6. Integration with HR and Talent Management Processes:
Skills taxonomy needs to be integrated into HR and talent management processes, such as talent acquisition, performance management, learning and development, and succession planning, to be effective. However, integrating skills taxonomy into existing processes and systems may require changes in workflows, technology integrations, and employee assessments. Organisations need to carefully plan and execute the integration process to ensure smooth adoption and utilisation of skills taxonomy in HR and talent management practices.

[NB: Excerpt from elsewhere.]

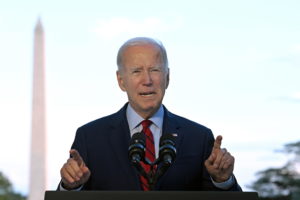 Biden: “ogni misura per abbassare il prezzo dell’energia”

7. Employee Awareness and Adoption:
Employees need to be aware of the skills taxonomy and understand how to use it for their career development. Organisations need to provide employees training, resources, and guidance on navigating and utilising the skills taxonomy to identify skill gaps, set career goals, and plan their professional growth. Employee adoption and engagement with the skills taxonomy can be challenging, and organisations must invest in communication, education, and support to drive employee awareness and adoption.
Frequently Asked Questions
1. What is the purpose of a skills taxonomy?
The purpose of a skills taxonomy is to provide a comprehensive and structured approach to identifying and categorising skills and competencies required for success in the workplace.
2. How do you create a skills taxonomy?
Creating a skills taxonomy involves several key steps, including identifying the skills and competencies required for success in each role, categorising those skills into broader categories, creating detailed descriptions of each skill, and developing a method for assessing the proficiency of employees in each skill.
3. How do you use a skills taxonomy in the workplace?
A skills taxonomy can be used in a variety of ways in the workplace, including aligning employee development goals with organisational goals, providing employees with regular feedback on their progress, creating personalised learning paths, enhancing recruitment and talent acquisition efforts, and identifying skills gaps that need to be addressed through training or other development initiatives.
In conclusion, a skills taxonomy is a hierarchical organisation of skills that allows for a clearer understanding of the skills required for a specific job or industry.
Having a skills taxonomy helps companies in several ways, including improving job descriptions, creating better training programs, and facilitating better communication between employees and management.
By understanding the skills required for a job, organisations can improve their ability to attract, develop, and retain talent. Investing in a skills taxonomy can lead to a more efficient and effective workforce, increased employee satisfaction and retention and ultimately, a competitive edge in the market.